--- RECORDS SUPPLIED ---
------------------------------------------------------------------------
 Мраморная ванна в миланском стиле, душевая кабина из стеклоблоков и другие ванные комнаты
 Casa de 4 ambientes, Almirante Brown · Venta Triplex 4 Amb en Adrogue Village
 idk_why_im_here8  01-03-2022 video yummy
------------------------------------------------------------------------
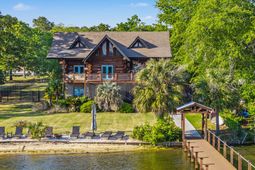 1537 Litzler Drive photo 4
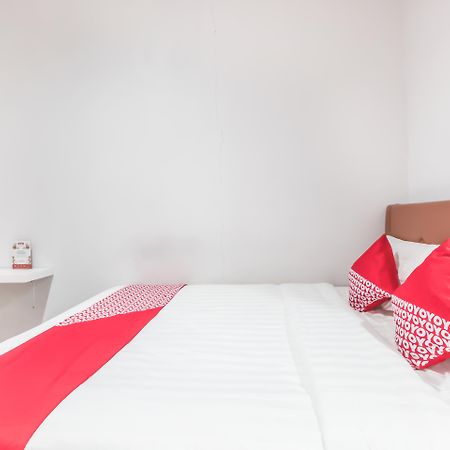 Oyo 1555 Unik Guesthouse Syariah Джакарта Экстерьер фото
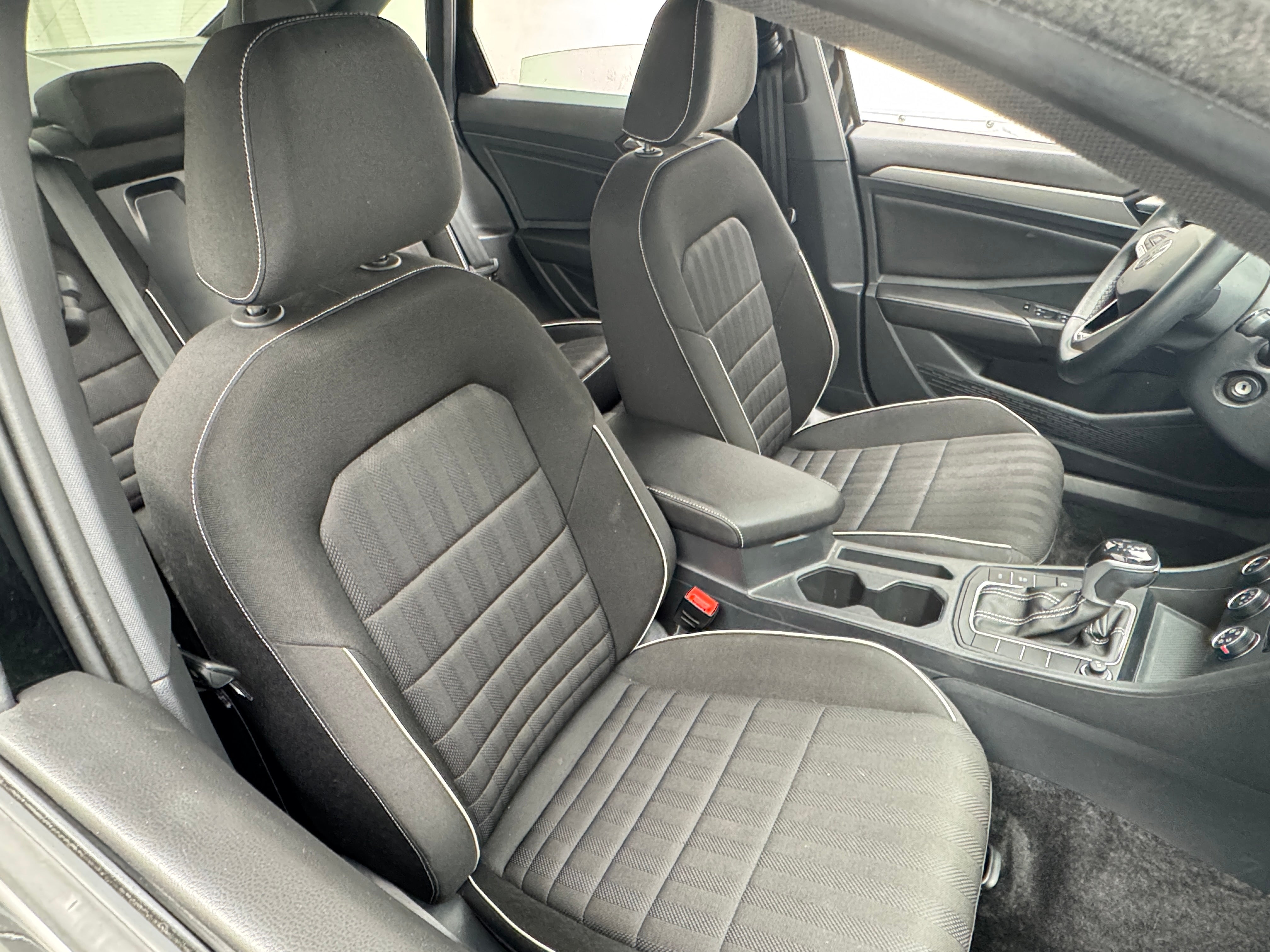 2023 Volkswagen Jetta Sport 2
------------------------------------------------------------------------
--- WHAT THE TASK REQUIRES ---
Using the records above, set down exactly the lines from the one with "Мраморная ванна в" through the one with "01-03-2022 video yummy", inclusive, and nothing more.

--- RESPONSE ---
 Мраморная ванна в миланском стиле, душевая кабина из стеклоблоков и другие ванные комнаты
 Casa de 4 ambientes, Almirante Brown · Venta Triplex 4 Amb en Adrogue Village
 idk_why_im_here8  01-03-2022 video yummy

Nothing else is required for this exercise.